Rappelons que la valeur d’un réseau est une fonction quadratique du nombre de membres. Elle augmente comme son carré. C’est une loi empirique formalisée par Robert Metcalfe – fondateur de 3Com – dans les années 1990.
En effet, si la valeur du réseau est proportionnelle au nombre de relations possibles, avec N membres, chacun est en relation avec N-1 membres, cela donne donc N*(N-1)/2 relations possibles (il faut diviser par 2 car si un membre A est en relation avec un membre B, la même relation existe entre B et A). Quand N est grand, N² est beaucoup plus grand que N.
La valeur est donc grosso modo proportionnelle à N². Une bonne partie du succès des réseaux de télécom puis des réseaux sociaux s’explique ainsi.
Des corporate qui investissent dans des startups aux travers de fonds de capital-risque sont intéressés par accélérer et diversifier leur accès à l’innovation. Le travail fait ensemble est créateur d’énormément de valeur et la valeur d’une startup qui a une clientèle entreprise dépend directement du nombre de clients et partenaires de type « grand compte » qu’elle a.
Ces clients ou partenaires, les startups les trouvent de façon préférentielle parmi les corporate qui ont investi dans les fonds de capital-risque qui les financent (on parle de corporate venture capital ou CVC).
Formalisons un (tout petit) peu le sujet. Compte-tenu de la nature propriétaire du fonds de CVC, si un fonds gère en moyenne un nombre P de startups, chaque corporate aura accès à un nombre P de startups propriétaires. La valeur de chaque fonds sera proportionnelle à P.

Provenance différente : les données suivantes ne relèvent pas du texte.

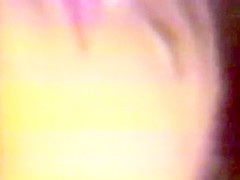 sayonara azu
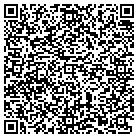 QR code with Moehn Electrical Sales Co contacts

S’il y a N corporate, avec N fonds, la valeur de l’écosystème est proportionnelle au nombre de relations créées soit N*P.
Que se passe-t-il si ces N corporate décident d’investir dans un même fonds (multi corporate) plutôt que chacun séparément ?

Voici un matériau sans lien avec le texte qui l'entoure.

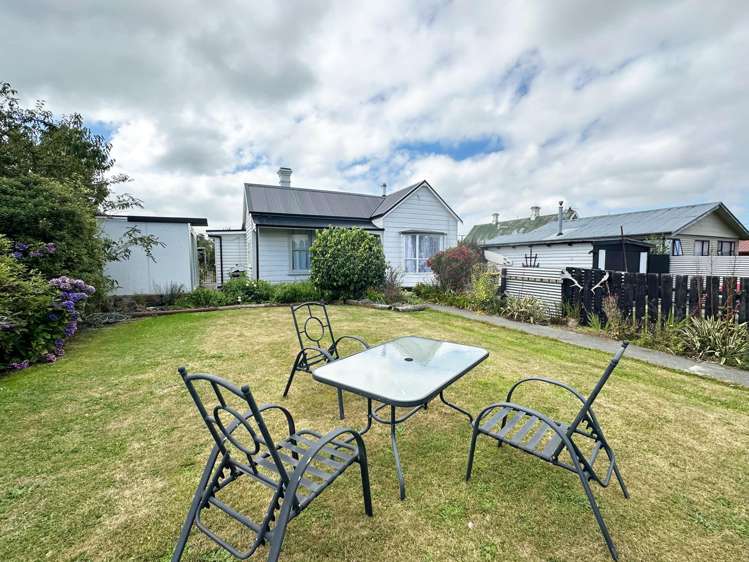 24 Allnatt Street Temuka_13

Ils ont la capacité de gérer ensemble N*P startups – chacune d’entre elle ayant la capacité de travailler avec N corporate. Le nombre de relations est donc de N*N*P, la valeur de l’écosystème est proportionnelle au nombre de relations créées soit N*N*P.
Pour des mêmes montants investis, le même nombre de corporate impliqués et le même nombre de startups financées, le passage d’un modèle de fonds corporate à un modèle de fonds multi corporate permet donc de valoriser l’écosystème comme une fonction quadratique et non pas linéaire du nombre d’investisseurs.

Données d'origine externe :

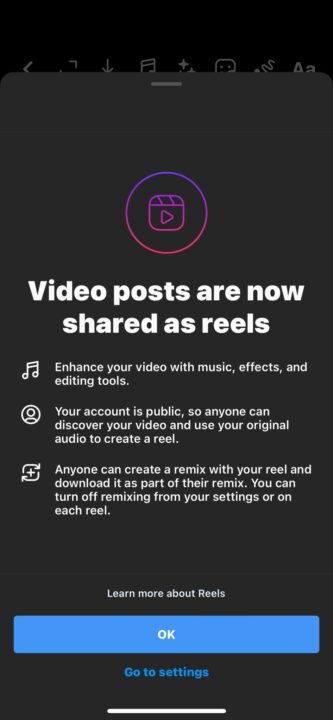 instagram اینستاگرام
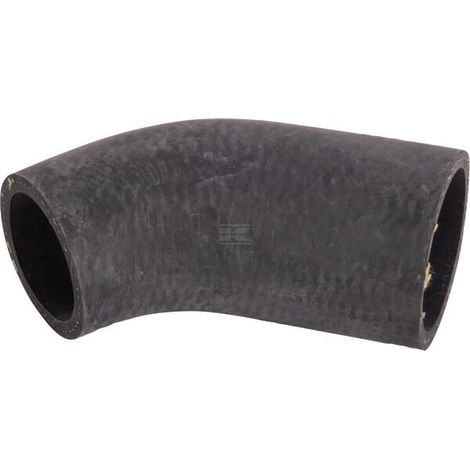 Manguito flexible RAICO 4951429N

Du point de vue même du corporate, le gain est meilleur même s’il doit être partagé en N, il n’est plus proportionnel au seul nombre P de startups qu’il aura pu soutenir mais proportionnel à N*P c’est-à-dire également au nombre N de corporate partenaires du fonds.
C’est un système où tout le monde gagne.
CQFD : du point de vue de l’écosystème comme du point de vue des entreprises, il faut favoriser un modèle de fonds multi corporate et non pas un modèle de fonds corporate avec un sponsor unique.